He recently gave a presentation on recycling initiatives and waste solutions for athletics at the Students for Zero Waste Conference at the University of New Hampshire. One component of his advocacy focuses on changing policy at Williams Brice Stadium in Columbia to combat the tons of waste and plastic bottles generated by the 80,000 Gamecock fans that flock to the stadium in the fall. He also manages the Tailgate Recycling program for football games and is working with Sodexo on a bring-your-own-cup discount for campus food service outlets.
Thousands of plastic water bottles have inundated the city due to the catastrophic flooding that recently overwhelmed our community and our water treatment facilities. Justin can’t sit back and watch the refuse pile up. His effort to curb bottled water use at the School of Music has worked to get 5-gallon water coolers up and running in the building while the city is still under a boil-water advisory.

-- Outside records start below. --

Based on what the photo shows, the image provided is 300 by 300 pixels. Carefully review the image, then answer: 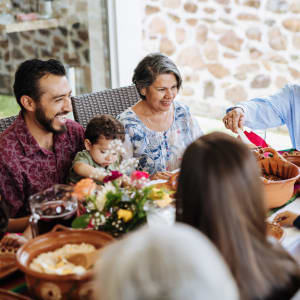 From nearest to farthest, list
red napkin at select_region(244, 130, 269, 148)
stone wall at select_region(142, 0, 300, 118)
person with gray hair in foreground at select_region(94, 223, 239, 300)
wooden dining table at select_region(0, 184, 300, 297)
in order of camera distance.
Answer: person with gray hair in foreground at select_region(94, 223, 239, 300)
wooden dining table at select_region(0, 184, 300, 297)
red napkin at select_region(244, 130, 269, 148)
stone wall at select_region(142, 0, 300, 118)

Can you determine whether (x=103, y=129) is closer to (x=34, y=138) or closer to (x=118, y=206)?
(x=34, y=138)

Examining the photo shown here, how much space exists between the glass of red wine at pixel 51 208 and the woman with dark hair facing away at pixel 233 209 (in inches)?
19.2

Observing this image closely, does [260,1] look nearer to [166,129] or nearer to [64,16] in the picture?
[64,16]

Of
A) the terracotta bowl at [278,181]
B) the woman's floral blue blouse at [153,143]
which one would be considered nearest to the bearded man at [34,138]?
the woman's floral blue blouse at [153,143]

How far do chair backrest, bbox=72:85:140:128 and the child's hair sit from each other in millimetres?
519

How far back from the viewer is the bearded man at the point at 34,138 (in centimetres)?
185

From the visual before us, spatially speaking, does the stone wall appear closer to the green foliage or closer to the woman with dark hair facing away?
the green foliage

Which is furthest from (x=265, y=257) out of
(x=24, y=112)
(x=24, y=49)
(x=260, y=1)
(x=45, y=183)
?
(x=260, y=1)

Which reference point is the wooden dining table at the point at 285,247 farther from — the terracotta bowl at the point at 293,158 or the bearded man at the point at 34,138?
the bearded man at the point at 34,138

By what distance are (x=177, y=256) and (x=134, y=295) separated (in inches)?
3.1

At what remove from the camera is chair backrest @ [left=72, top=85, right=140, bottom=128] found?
97.3 inches

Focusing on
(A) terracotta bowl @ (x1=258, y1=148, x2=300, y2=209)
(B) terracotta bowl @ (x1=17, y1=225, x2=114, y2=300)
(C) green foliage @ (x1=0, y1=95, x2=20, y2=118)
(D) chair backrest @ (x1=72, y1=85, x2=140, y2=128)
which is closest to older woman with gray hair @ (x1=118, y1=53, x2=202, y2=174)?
(D) chair backrest @ (x1=72, y1=85, x2=140, y2=128)

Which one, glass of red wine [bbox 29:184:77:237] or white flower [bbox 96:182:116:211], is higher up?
white flower [bbox 96:182:116:211]

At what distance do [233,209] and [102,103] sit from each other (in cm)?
176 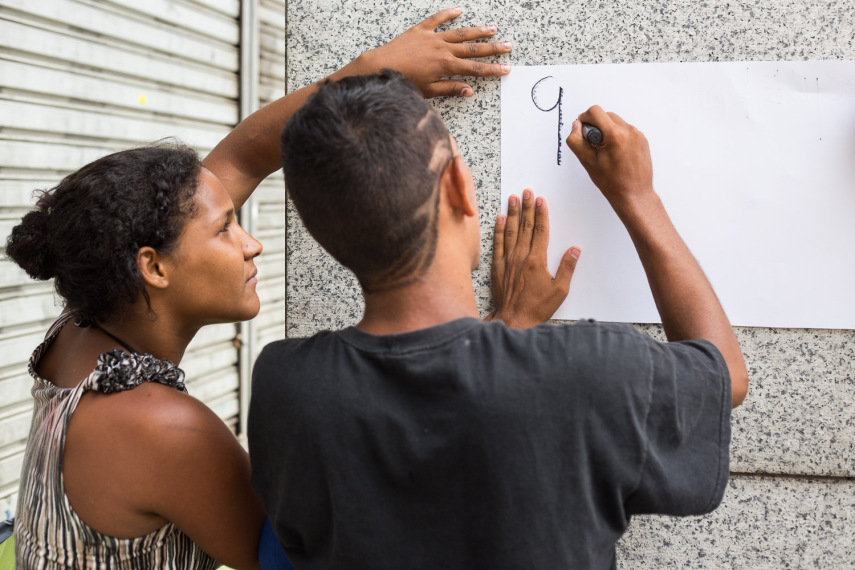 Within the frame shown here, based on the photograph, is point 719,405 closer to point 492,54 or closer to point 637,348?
point 637,348

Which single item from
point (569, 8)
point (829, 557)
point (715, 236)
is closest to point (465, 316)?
point (715, 236)

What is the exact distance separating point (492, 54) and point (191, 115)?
2318 millimetres

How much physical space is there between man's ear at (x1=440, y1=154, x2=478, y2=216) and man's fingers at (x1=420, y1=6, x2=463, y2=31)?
65cm

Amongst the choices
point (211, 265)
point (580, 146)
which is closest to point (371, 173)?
point (211, 265)

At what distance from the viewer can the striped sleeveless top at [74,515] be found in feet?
4.03

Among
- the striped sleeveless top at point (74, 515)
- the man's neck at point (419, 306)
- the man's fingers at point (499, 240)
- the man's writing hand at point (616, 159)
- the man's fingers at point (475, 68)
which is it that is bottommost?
the striped sleeveless top at point (74, 515)

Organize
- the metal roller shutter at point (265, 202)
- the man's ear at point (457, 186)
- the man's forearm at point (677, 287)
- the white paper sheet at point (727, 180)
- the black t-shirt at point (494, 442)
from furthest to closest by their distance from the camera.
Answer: the metal roller shutter at point (265, 202) → the white paper sheet at point (727, 180) → the man's forearm at point (677, 287) → the man's ear at point (457, 186) → the black t-shirt at point (494, 442)

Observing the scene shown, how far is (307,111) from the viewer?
1.01m

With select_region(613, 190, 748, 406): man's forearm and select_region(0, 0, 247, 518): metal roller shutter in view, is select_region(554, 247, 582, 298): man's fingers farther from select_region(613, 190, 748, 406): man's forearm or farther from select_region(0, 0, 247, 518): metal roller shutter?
select_region(0, 0, 247, 518): metal roller shutter

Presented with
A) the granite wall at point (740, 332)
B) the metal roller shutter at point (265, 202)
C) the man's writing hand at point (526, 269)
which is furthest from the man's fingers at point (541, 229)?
the metal roller shutter at point (265, 202)

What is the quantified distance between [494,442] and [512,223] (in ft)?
2.54

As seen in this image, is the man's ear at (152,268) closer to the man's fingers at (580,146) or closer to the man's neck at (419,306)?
the man's neck at (419,306)

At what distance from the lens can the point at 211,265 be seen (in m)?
1.34

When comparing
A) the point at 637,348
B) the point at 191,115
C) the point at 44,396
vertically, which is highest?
the point at 191,115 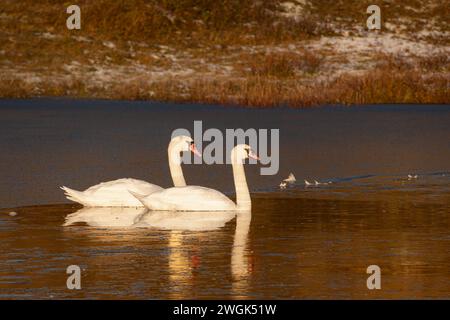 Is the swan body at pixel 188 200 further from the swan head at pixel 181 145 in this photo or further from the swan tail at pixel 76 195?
the swan head at pixel 181 145

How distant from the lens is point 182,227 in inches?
679

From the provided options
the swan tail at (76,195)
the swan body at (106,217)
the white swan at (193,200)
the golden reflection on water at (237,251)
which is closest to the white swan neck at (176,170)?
the swan body at (106,217)

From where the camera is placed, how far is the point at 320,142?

So just how is Justin working towards his personal zero waste goals? He says, “I never use plastic bags and always carry my reusable one with me; I love the bulk bins at the grocery (since I can bring my own containers), and I ride my bike everywhere.” In addition, Justin is proud that he generates very little waste at home. By composting all of his food scraps and avoiding disposable packaging, he only has enough garbage to empty the bin about every six months. “It’s mostly from my bagless vacuum cleaner,” he says.